For quite some time, lightweight documentation formats have been a big thing in the world of open source community documentation. While corporate environments are not very eager to move from their (often) ancient documentation platforms due to cost concerns, it is usually less of an issue for a typical open source documentation project out there to migrate to a new format.
I’ve recently started converting one of the open source documentation suites that I contribute to from a Publican-based DocBook XML source into AsciiDoc, which has been getting lots of attention especially from developer-centric communities.
The semantics of AsciiDoc is based on DocBook and AsciiDoc draws its roots from this industry-standard XML language. This allows for an easy AsciiDoc to DocBook conversion. Sadly, when you need to convert your DocBook content into AsciiDoc, you are left with a number of conversion tools which are either unmaintained or have incomplete support for DocBook syntax.
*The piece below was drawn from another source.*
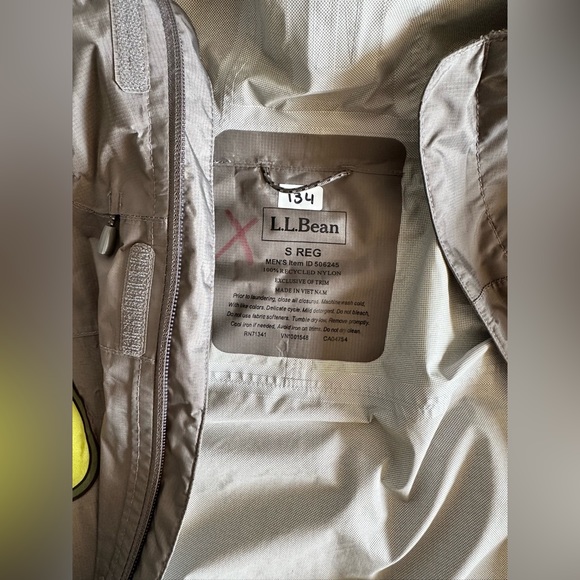 L.L. Bean Raincoat - Picture 10 of 13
This is an important aspect to consider when you are planning to migrate your documentation to the new format, especially if your documentation suite is rather complex and features a rich set of syntax and semantics.
Preparing your XML document for conversion
From the tools available for the conversion task (pandoc + docbook2asciidoc.sh, docbook2asciidoc, and others), docbookrx seems to have the most complete support for DocBook syntax. It can preserve tables, included files and images, procedures, and so on. Not all DocBook elements are supported, though. Here is an (incomplete) list of elements I had to replace with sed:
- menuchoice → menu:examplemenu[examplesubmenu > examplesubsubmenu]
- guimenu → [label]#example#
- guisubmenu → [label]#example#
- guimenuitem → [label]#example#
- userinput → [userinput]#example#
- option → `example`
- systemitem → `example`
It is always a good idea to use a version control system to track any replacements in your XML source files.
What is nice about docbookrx is that it prints a warning when it runs into an element that it can’t recognize. Some of the other converters just silently drop the unrecognised element, including the content inside it, which is something to bear in mind.
- Clone the docbookrx repo:
git clone firstname.lastname@example.org:opendevise/docbookrx.git
- Copy the docbookrx.rb Ruby gem from the repo to the directory containing the XML files you want to convert.
- Load the gem, specifying a root file of your document as the input file:
ruby docbookrx.rb Admin_Guide.xml > Admin_Guide.adoc
The gem will follow included files referenced from the root file and convert the whole document.
- Run asciidoctor to generate an HTML preview:
Some additional clean-up of your document is usually needed afterwards but the document’s overall structure and syntax should be preserved.